Packer boxes out the haters

He's never been a sports fan.

He forgets players' numbers.

He'd rather not rely heavily on instant replay.

He's a walking conflict of interest.

And that's only what Billy Packer says about himself.

As he prepares to work his 34th consecutive NCAA Final Four in college basketball -- a championship record in any sport that CBS partner Jim Nantz predicts will last forever -- Packer doesn't even consider himself a professional broadcaster. His role as the college game's senior spokesman qualifies as merely a "neat segment" in a richly compartmentalized life.

His television career "is not what he does," says his younger brother, Dick.

At 68, Billy Packer is still looking for the next good deal. He's made millions of dollars outside television, much of it in real estate, more than enough to walk away from the microphone whenever he chooses. He's a political junkie who'd just as soon talk about a campaign as he would a season. He collects art, with a particular fondness for Picasso ceramic plates.

Still, he loves to prepare for a game, the studying it takes, as if again measuring himself against other players and coaches, against the game itself. In pregame mode, he shuts out all else. He compartmentalizes.

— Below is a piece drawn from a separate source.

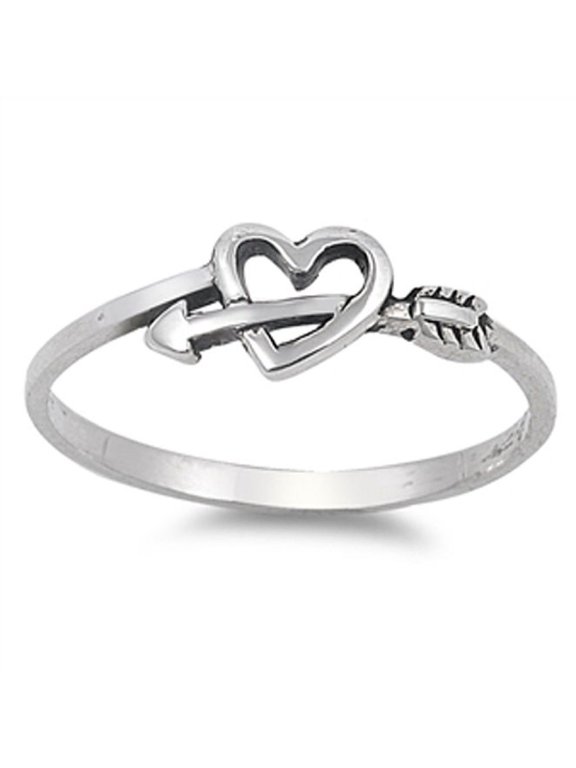 Cupid Arrow Heart Ring Sterling Silver Size 6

"Like, if you like a subject in school, to prepare for the test is not a job, it's fun to learn and understand it," Packer says in an interview at his home in Charlotte. "And then when the test comes, it's fun to compete with the other kids in the class, and then when the test comes back, it's fun to get an A.

"To me, that's what broadcasting is."

As soon as the game ends, it's gone, out of his head. He couldn't tell you the starting lineups in a game he worked three days ago.

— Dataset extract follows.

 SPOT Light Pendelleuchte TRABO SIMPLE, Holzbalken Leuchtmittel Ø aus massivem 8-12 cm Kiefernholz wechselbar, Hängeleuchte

"I tune that out and don't tune it back in until I'm ready to be in that part of my life again," he says. "I don't sit around daydreaming about basketball all day long."

That helps explain why, after so many years, he hasn't lost his passion for the sport. In whatever daydreams he does allow himself, he hasn't heard a final buzzer yet.

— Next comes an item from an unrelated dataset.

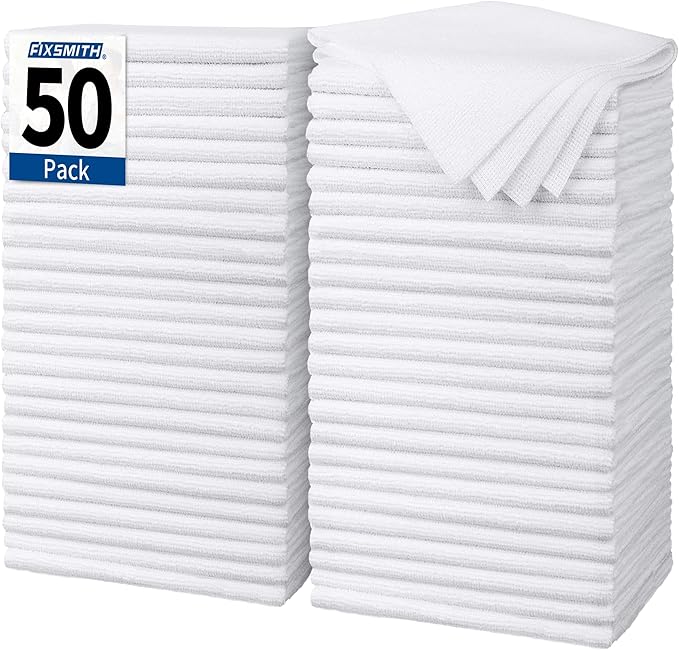 FIXSMITH White Microfiber Cleaning Cloth, Pack of 50, 16"X12" Cleaning Rags for Housekeeping and Kitchen, Reusable Shop Towels, Microfiber Towels for Cars, Lint Free, Scratch-Free, Highly Absorbent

"I know I would definitely not do another game if ... two things were involved," Packer says. " No. 1, I wasn't properly prepared, or at least somebody could prepare better, and No. 2, when I got there I didn't want to be there.

"I don't know how you could fake that. And I'm not talking about the fans. It'd be easy to fake it to the fans and to the listeners. But to yourself ..."

After all, Billy Packer really answers to himself.

The Packer haters

At a point when other broadcasting icons could expect to soak up the adulation of lifelong listeners, Packer takes more hits than a dartboard in a crowded bar. He is described variously as a cranky, inflexible, arrogant old man who's out of touch with the modern game, humorless and unwilling to admit he's wrong.

Google Packer's name, and the Internet search engine spits back a stream of venom.

"CBS -- Please remove Billy Packer from the airwaves," a petition posted by a fellow Wake Forest alumnus, pops up just above CBS' official bio.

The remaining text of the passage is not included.